D’autre part, Me CUMIN, avocat à Lyon m’a écrit (je vous ai lu sa lettre) qu’il n’y avait aucune trace d’un dossier soumis au Tribunal Militaire Allemand de la région. Aucune condamnation n’a donc été prononcée contre lui.
J’en ai parlé à un ami, qui faisait partie d’une Organisation de Résistance locale, qui a, à plusieurs reprises délivré des prisonniers du fort de Monluc et qui est assez documenté. Le nom de RENAUDIN ne lui est pas inconnu. – Il va rentrer à Lyon Mardi prochain, et il fera une enquête immédiatement et m’en écrira le résultat.
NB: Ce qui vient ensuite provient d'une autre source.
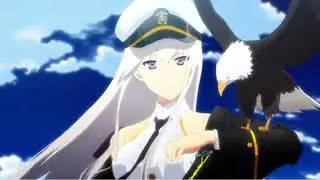 Layer 9 &ndash; Two Pimps, Alike in Dignity [Azure Lane, Rifle is Beautiful]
S’il avait été fusillé lors du départ de Pithiviers, à la suite d’une tentative d’évasion, il paraît hors de doute que la population l’aurait appris. – Je n’en ai pas entendu parler au mois de Juillet. – La population était très informée de ce qui se passait au camp et j’ai entendu parler, avec pitié, par des habitants de Pithiviers, des cadavres d’Israélites trouvés aux environs du camp lors des premiers internements.
Or, je n’ai recueilli aucune information à l’égard de fusillés au mois de Juillet.
Je pense donc qu’il y a tout lieu de supposer que le renseignement que j’ai recueilli est le bon, et que Monsieur votre frère est actuellement en Allemagne.
Quand la région de Metz aura été dégagée, peut-être arriverez vous à obtenir une information en ce qui concerne son passage. – Metz était, en quelque sorte, une gare régulatrice pour les malheureux déportés Israélites et je pense qu’il a dû être conservé un contrôle des passages, puisqu’ils étaient m’a t’on dit, à leur arrivée, dirigés sur des directions parfois différentes.
D’ici là, ne pourriez-vous pas, par voie d’annonces dans les journaux et en vous adressant au mouvement des prisonniers civils, obtenir le nom d’une personne l’ayant approché et qui pourrait vous apporter des renseignements intéressants.
Je suis à votre disposition pour essayer de vous aider en la circonstance, si je puis vous être d’une utilité quelconque, et ne craignez pas de me mettre à contribution pour les démarches que vous estimerez utiles.
Je vous prie, Monsieur, de croire à l’assurance de ma haute considération.